──────── Data for the task ────────

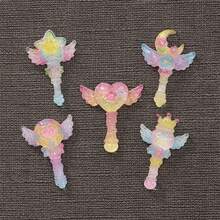 10/20/30件冰透明精致闪亮皇冠星星魔法棒DIY发夹手机壳鞋扣树脂饰品配件 - 彩色 - 查看 1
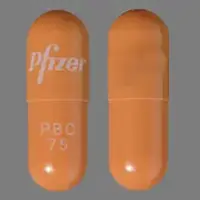 Ibrance (Palbociclib [ pal-boe-sye-klib ])-Pfizer PBC 75-75 mg-Orange-Capsule-shape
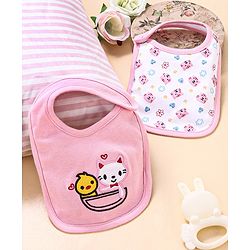 Babyhug Cotton Snap Buttons Closure Bear Print Pack of 2 - Blue & White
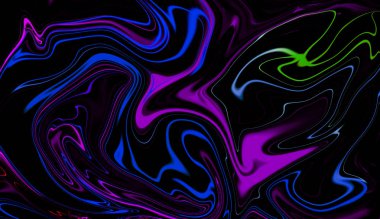 Kavisli şekillerden yapılmış renkli dijital soyut yaratıcı arka plan. Flyer, kart ve poster için çizim dokusu.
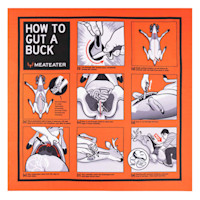 HOW TO GUT A BUCK bandana with step-by-step gutting illustrations and MEATEATER logo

────────

● Requirement:
Output the entries verbatim but drop the images.

● Expected output:
 10/20/30件冰透明精致闪亮皇冠星星魔法棒DIY发夹手机壳鞋扣树脂饰品配件 - 彩色 - 查看 1
 Ibrance (Palbociclib [ pal-boe-sye-klib ])-Pfizer PBC 75-75 mg-Orange-Capsule-shape
 Babyhug Cotton Snap Buttons Closure Bear Print Pack of 2 - Blue & White
 Kavisli şekillerden yapılmış renkli dijital soyut yaratıcı arka plan. Flyer, kart ve poster için çizim dokusu.
 HOW TO GUT A BUCK bandana with step-by-step gutting illustrations and MEATEATER logo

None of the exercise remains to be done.